(Dataset entries)
*** Begin section ***

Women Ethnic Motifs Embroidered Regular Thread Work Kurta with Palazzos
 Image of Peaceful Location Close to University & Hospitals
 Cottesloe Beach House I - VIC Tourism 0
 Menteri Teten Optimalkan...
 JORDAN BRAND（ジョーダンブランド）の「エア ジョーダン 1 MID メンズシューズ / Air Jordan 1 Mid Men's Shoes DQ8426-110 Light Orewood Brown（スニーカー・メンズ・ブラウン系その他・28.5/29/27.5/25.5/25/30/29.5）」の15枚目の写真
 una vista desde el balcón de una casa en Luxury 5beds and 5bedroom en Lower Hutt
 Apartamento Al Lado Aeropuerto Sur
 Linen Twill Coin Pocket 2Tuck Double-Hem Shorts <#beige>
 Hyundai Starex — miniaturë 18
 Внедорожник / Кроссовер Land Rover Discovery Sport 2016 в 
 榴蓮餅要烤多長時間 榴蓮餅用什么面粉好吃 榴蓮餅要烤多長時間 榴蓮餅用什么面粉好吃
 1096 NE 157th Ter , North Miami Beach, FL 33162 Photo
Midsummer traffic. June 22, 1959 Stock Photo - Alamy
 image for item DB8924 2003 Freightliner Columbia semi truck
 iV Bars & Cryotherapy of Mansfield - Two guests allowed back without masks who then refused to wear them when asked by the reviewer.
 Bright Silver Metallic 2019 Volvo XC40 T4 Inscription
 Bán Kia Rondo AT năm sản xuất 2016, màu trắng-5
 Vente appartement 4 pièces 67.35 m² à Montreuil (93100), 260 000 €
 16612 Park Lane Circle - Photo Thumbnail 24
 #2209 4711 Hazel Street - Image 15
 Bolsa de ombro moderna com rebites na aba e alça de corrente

*** End section ***

| EXERCISE REQUIREMENTS |
Please go through the data above and copy every line that has the word "Beach".

| WRITTEN SOLUTION |
 Cottesloe Beach House I - VIC Tourism 0
 1096 NE 157th Ter , North Miami Beach, FL 33162 Photo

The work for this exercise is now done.